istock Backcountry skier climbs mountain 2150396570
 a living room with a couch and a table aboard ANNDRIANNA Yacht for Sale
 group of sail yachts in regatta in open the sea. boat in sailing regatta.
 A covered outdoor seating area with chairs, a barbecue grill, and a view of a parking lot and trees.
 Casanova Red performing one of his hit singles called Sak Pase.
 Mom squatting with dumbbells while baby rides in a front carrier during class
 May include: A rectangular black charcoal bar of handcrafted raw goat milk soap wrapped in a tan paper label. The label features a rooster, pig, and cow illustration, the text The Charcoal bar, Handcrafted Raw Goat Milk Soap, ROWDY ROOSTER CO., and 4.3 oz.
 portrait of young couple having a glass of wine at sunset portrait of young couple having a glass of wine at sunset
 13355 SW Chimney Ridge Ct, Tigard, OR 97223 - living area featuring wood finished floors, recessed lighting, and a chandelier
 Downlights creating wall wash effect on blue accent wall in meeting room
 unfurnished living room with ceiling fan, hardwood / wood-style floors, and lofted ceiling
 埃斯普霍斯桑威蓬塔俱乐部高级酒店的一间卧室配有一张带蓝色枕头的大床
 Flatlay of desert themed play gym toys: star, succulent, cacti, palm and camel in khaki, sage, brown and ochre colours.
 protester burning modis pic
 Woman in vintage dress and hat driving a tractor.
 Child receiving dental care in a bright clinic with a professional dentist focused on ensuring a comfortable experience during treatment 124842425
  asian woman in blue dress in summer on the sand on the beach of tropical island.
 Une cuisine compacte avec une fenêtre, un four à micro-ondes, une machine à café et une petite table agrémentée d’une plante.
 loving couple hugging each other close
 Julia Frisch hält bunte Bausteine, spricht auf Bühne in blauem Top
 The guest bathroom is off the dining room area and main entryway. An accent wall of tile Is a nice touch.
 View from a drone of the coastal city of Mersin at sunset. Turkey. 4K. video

────

EXERCISE:
Look above for the line containing "Flatlay of desert", then transcribe it and all lines after it through the last, exactly and with nothing else.

FINISHED TASK:
 Flatlay of desert themed play gym toys: star, succulent, cacti, palm and camel in khaki, sage, brown and ochre colours.
 protester burning modis pic
 Woman in vintage dress and hat driving a tractor.
 Child receiving dental care in a bright clinic with a professional dentist focused on ensuring a comfortable experience during treatment 124842425
  asian woman in blue dress in summer on the sand on the beach of tropical island.
 Une cuisine compacte avec une fenêtre, un four à micro-ondes, une machine à café et une petite table agrémentée d’une plante.
 loving couple hugging each other close
 Julia Frisch hält bunte Bausteine, spricht auf Bühne in blauem Top
 The guest bathroom is off the dining room area and main entryway. An accent wall of tile Is a nice touch.
 View from a drone of the coastal city of Mersin at sunset. Turkey. 4K. video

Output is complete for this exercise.